Thursday, February 18, 2010

The Yiddish Policemen's Union

I'm devoting a whole blog to this, because it was a most unusual book, with wonderful language full of metaphor and sentences I sometimes read twice over. Stop now if you don't want to come across some plot spoilers.

My family didn’t speak Yiddish, but words filtered through, and I was surprised at how much I could recognise. Nevertheless, I still had to guess at some words, just as I did with A Clockwork Orange. and, in fact, as I do with any references I don’t understand, for example when it comes to chess, which is as much a mystery to me as Yiddish might be to others.

One of the reading circle compared it to Shakespeare - that is to say, stopping to clarify every word spoils it, whereas reading on and getting the idea is, in my view, (and in his view) a much better way to read it. However, another of our group did say that he investigated a number of the points, on the Internet, in order to understand.

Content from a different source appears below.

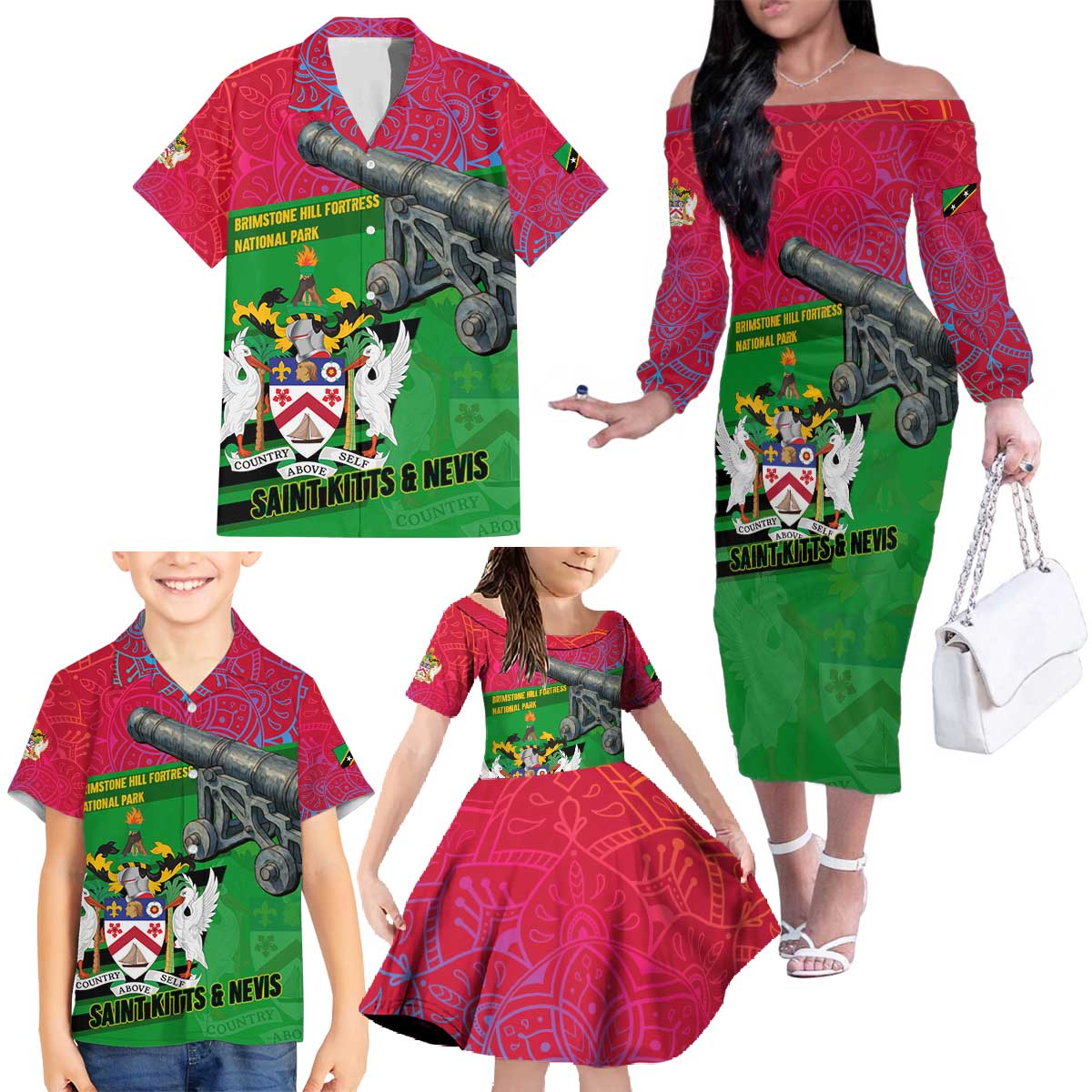 Saint Kitts and Nevis Apparel Family Matching Off The Shoulder Long Sleeve Dress and Hawaiian Shirt with National Coat of Arms and Cannon Graphic in Red and Green Cultural Pattern Design - Wonder Print Shop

I like to be able to empathise with a character, and I very soon became very comfortable with Meyer, the world weary copy and his partner, Berko. Plot is normally important to me too, and this case, I sometimes got lost in the plot. But by the time I’d finished, I felt it wasn’t all that important for me to understand it, because the journey itself was enjoyable. I very much liked Michael Chabon’s language (English, that is), in spite of the excessive use of 4-letter words - and found myself laughing frequently. He has a wonderful way with words.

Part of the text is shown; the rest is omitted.